• [INFORMATION SHOWN]
::::
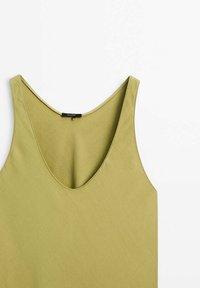Helles grünes Tanktop mit tiefem V-Ausschnitt, ärmellosem Design, glatter Textur und leichtem Stoff. Keine sichtbaren Muster oder Akzente.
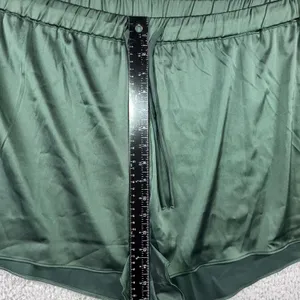 Old Navy Satin Pajama Shorts Womens XXL Green Minimalist Drawstring Sleepwear thumbnail 11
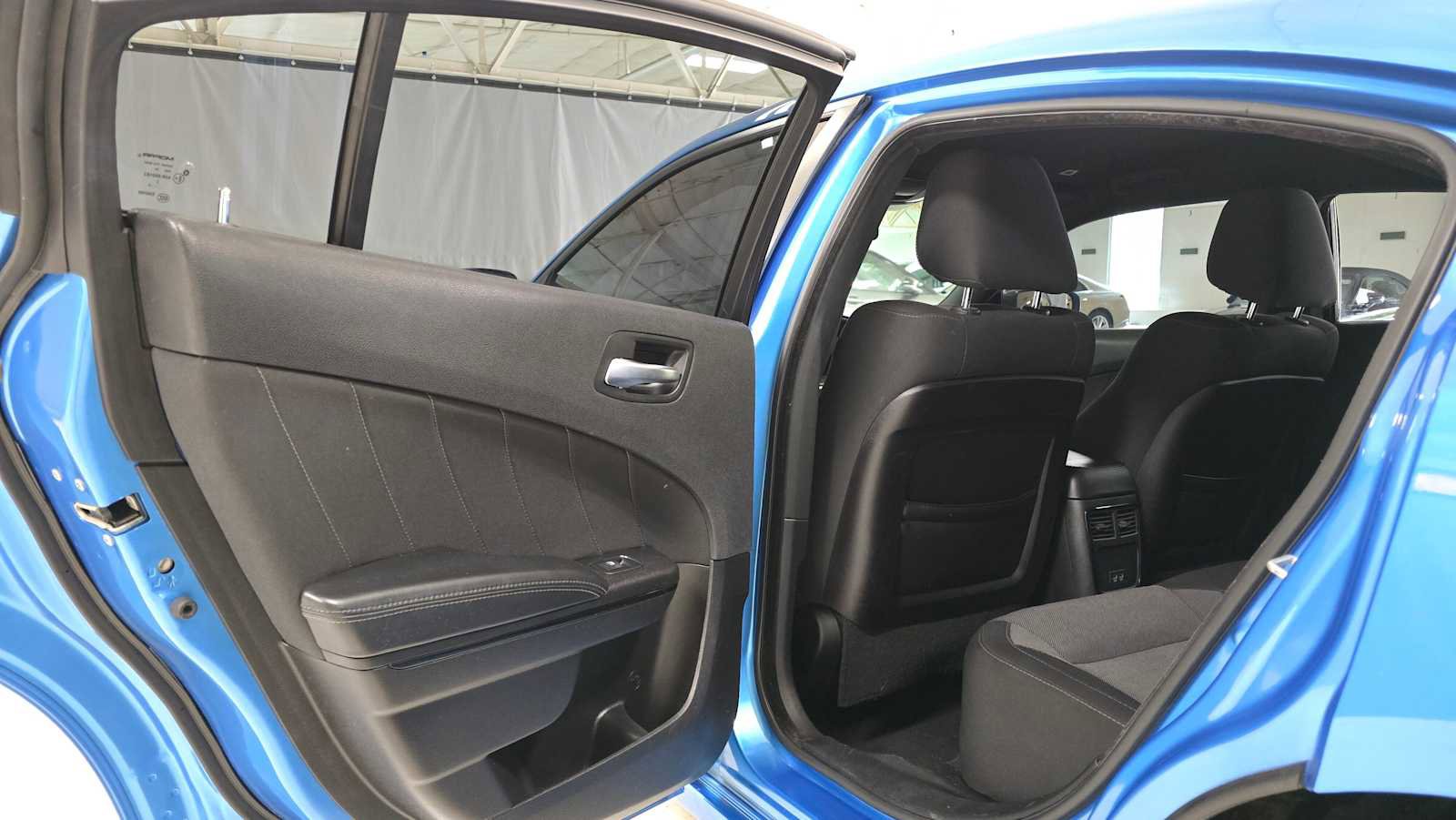 Used 2019 Dodge Charger SXT w/ Blacktop Package image 15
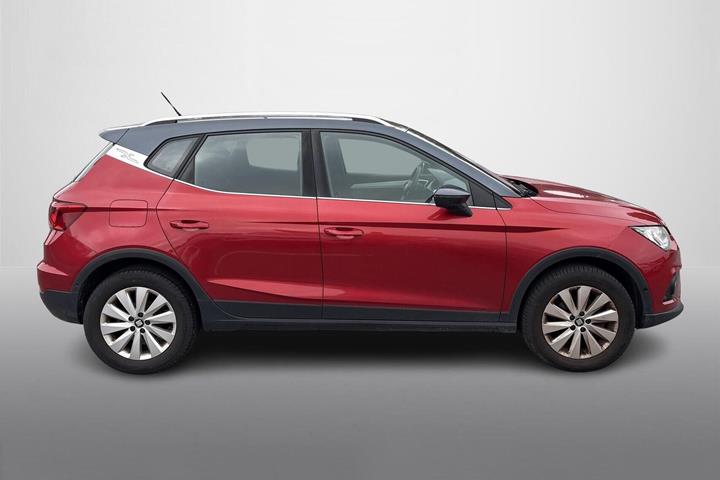 Rød Seat Arona fra 2019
::::
• [WHAT THE TASK ASKS] Please give again, exactly and only, the lines from the top of the listing above through the line that has "Old Navy Satin", with pictures left out.

• [EXERCISE SOLUTION]
Helles grünes Tanktop mit tiefem V-Ausschnitt, ärmellosem Design, glatter Textur und leichtem Stoff. Keine sichtbaren Muster oder Akzente.
 Old Navy Satin Pajama Shorts Womens XXL Green Minimalist Drawstring Sleepwear thumbnail 11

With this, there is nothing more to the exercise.